Exercise materials:
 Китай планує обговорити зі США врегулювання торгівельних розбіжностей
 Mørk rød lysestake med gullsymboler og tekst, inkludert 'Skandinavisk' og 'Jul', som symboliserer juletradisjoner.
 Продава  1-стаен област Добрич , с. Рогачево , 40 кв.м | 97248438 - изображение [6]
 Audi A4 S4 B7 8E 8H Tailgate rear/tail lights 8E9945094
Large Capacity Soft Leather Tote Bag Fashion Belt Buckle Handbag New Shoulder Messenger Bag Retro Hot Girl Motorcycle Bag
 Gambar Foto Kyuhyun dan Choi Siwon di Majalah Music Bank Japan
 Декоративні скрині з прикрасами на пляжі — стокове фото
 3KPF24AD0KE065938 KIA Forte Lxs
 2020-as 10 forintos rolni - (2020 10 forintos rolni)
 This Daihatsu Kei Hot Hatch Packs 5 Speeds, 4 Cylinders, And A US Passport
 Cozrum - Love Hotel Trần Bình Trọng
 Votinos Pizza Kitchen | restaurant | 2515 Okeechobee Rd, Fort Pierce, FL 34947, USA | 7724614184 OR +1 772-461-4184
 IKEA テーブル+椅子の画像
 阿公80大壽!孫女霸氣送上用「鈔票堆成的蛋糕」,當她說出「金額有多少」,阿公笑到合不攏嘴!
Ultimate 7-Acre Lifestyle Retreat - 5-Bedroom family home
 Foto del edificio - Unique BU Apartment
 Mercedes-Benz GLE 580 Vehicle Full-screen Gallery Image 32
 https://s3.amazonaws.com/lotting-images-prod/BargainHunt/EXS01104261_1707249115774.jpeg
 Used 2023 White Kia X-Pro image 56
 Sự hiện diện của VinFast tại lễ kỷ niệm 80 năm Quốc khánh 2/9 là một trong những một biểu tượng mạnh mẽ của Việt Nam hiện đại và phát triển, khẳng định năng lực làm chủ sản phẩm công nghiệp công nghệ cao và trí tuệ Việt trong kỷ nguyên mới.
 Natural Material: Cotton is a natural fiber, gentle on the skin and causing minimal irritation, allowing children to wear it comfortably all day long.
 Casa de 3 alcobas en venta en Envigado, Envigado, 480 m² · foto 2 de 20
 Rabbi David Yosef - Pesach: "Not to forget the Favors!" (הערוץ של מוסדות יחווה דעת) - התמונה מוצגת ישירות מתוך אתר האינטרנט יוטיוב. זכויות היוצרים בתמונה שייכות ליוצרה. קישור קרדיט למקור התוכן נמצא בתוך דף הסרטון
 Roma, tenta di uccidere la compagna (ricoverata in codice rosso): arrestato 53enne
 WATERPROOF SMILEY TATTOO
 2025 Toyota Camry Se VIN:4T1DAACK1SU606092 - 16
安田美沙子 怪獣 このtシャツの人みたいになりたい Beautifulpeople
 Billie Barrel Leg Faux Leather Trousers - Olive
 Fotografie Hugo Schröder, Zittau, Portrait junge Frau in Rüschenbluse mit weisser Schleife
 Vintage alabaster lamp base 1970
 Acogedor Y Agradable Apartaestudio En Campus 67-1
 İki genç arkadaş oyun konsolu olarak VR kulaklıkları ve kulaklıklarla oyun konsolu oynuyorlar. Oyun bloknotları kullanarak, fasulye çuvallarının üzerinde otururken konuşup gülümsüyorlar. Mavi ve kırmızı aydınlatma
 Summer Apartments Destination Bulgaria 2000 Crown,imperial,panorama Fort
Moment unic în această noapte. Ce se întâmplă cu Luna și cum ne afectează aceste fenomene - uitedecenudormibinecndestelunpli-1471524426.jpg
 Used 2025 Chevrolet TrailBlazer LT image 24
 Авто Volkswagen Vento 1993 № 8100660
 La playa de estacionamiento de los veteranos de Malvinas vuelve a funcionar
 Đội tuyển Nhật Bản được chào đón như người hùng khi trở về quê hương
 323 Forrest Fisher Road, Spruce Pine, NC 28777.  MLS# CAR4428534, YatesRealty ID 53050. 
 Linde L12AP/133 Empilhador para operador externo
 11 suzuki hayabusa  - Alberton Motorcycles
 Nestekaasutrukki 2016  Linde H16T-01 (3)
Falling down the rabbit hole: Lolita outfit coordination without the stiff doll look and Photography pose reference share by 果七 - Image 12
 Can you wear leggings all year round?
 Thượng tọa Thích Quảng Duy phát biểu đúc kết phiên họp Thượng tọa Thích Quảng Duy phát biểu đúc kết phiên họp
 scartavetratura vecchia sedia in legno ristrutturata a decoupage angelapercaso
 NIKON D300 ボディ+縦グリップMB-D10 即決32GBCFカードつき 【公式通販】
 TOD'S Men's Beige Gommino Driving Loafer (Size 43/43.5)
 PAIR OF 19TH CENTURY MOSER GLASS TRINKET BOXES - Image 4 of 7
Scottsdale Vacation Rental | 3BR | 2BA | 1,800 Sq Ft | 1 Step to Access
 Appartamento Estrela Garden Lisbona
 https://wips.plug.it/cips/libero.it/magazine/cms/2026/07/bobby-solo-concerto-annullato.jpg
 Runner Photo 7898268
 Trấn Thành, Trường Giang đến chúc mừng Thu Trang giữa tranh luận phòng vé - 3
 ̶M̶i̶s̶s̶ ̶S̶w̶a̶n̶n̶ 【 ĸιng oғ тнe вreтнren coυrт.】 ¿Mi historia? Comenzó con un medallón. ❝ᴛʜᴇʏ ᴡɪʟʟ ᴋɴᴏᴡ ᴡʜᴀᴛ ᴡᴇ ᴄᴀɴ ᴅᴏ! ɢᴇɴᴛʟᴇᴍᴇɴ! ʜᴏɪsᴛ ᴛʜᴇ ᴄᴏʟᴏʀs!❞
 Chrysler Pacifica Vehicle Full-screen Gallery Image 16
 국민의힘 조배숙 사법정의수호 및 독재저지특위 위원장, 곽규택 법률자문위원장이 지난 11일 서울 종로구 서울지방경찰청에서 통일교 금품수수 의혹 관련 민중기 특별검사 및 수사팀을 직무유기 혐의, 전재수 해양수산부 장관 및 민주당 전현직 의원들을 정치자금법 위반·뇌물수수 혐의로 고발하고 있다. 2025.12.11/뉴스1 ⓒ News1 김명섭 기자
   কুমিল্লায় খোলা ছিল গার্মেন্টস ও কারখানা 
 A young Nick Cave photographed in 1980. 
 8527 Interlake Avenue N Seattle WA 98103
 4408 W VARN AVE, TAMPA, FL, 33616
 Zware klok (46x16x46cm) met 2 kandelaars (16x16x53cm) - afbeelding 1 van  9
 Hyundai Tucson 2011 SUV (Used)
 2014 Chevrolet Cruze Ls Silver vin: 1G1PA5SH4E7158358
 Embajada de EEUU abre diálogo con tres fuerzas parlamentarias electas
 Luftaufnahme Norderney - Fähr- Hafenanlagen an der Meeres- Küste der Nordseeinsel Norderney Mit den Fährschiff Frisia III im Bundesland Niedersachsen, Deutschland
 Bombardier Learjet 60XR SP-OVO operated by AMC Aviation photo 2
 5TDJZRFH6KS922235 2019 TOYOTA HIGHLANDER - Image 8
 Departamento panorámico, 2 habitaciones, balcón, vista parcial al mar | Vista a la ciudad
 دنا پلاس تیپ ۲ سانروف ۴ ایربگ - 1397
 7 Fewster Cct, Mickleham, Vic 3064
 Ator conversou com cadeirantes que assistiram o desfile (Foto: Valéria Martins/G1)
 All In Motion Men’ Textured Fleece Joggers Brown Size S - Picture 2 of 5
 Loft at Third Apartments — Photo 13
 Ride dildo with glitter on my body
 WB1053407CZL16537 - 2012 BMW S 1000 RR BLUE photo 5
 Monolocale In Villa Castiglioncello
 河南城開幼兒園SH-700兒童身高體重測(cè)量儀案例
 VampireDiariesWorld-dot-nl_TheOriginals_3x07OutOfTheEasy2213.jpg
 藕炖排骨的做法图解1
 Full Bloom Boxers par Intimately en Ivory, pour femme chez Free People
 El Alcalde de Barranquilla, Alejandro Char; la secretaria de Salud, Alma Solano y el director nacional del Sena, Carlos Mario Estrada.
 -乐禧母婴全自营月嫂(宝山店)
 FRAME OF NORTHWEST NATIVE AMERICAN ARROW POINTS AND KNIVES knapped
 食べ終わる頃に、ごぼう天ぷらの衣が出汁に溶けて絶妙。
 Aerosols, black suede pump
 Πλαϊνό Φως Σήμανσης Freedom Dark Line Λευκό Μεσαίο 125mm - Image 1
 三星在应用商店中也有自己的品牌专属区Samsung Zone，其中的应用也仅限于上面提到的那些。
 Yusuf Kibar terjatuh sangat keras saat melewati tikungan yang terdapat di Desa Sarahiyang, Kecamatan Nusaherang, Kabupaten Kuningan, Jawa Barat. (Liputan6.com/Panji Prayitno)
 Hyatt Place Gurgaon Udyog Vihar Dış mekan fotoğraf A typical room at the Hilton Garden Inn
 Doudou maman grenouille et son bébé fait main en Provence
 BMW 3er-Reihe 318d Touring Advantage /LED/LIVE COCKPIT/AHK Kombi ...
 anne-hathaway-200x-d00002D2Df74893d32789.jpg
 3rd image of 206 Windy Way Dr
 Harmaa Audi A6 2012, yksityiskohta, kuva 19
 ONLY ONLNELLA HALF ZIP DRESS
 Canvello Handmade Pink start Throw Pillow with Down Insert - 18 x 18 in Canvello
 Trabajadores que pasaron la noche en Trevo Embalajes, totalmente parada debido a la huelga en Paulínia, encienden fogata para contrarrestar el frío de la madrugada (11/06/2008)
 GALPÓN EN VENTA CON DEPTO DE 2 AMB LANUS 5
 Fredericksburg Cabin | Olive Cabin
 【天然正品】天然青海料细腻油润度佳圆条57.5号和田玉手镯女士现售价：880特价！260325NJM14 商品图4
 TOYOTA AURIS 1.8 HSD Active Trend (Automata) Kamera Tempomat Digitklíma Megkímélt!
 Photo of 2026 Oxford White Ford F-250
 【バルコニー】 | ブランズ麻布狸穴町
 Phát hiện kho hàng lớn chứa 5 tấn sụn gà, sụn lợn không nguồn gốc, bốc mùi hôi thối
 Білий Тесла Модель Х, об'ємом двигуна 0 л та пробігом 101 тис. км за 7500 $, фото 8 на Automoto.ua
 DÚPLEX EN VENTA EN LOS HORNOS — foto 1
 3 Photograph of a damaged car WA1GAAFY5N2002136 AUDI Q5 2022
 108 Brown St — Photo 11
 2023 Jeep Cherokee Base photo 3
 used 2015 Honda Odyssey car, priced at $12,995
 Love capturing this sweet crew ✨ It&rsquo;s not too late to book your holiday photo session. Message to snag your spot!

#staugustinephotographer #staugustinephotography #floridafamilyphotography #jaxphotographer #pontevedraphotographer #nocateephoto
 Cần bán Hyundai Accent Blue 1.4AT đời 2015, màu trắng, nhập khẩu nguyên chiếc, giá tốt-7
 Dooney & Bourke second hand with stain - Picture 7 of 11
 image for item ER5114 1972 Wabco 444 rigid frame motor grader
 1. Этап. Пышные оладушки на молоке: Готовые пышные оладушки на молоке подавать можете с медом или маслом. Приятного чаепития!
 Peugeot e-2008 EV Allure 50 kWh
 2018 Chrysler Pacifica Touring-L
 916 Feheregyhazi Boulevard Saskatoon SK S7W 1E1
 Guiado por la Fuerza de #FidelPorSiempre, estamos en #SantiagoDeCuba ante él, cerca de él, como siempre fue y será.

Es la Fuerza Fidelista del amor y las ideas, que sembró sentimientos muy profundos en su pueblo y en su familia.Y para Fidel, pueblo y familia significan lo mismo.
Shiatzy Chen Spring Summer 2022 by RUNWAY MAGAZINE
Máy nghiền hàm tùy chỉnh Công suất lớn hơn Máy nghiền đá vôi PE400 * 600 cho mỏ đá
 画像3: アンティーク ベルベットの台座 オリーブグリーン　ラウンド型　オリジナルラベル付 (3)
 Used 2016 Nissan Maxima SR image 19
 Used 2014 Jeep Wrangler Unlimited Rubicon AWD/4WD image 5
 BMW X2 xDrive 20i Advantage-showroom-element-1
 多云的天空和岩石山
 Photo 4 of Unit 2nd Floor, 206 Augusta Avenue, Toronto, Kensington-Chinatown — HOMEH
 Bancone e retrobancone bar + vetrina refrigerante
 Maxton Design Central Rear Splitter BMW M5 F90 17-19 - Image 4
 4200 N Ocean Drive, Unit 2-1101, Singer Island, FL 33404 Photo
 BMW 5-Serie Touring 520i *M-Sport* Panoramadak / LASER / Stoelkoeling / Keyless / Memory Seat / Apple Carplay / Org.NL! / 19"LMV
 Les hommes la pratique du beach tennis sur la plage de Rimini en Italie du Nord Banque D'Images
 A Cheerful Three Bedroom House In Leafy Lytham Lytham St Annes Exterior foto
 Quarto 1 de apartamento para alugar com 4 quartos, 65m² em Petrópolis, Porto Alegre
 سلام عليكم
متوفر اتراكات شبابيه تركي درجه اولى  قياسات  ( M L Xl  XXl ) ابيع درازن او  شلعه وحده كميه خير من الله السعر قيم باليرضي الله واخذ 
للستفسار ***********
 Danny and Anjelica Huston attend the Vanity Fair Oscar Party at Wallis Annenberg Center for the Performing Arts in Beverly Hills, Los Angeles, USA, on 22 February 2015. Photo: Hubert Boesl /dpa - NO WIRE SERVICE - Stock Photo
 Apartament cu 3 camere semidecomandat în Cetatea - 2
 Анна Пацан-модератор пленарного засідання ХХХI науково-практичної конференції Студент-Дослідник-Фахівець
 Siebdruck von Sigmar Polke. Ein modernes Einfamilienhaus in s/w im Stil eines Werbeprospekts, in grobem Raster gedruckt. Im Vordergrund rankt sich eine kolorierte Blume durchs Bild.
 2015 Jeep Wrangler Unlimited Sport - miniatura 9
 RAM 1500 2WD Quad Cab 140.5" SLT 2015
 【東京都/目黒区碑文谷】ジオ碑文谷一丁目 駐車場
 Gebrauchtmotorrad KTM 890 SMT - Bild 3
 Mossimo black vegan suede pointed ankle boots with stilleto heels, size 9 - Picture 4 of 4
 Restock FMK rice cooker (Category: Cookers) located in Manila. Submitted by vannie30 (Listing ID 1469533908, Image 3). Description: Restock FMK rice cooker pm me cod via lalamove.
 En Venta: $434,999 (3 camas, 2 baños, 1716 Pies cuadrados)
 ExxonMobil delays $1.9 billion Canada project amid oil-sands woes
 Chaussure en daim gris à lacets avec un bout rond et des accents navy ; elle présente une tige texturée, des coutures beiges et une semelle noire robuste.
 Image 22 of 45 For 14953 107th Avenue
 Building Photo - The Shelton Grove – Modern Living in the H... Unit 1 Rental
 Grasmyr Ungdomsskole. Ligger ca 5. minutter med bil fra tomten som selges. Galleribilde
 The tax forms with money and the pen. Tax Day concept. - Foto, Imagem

About this task: Of the lines above, show those in which "Brown" appears.

Response:
 All In Motion Men’ Textured Fleece Joggers Brown Size S - Picture 2 of 5
 108 Brown St — Photo 11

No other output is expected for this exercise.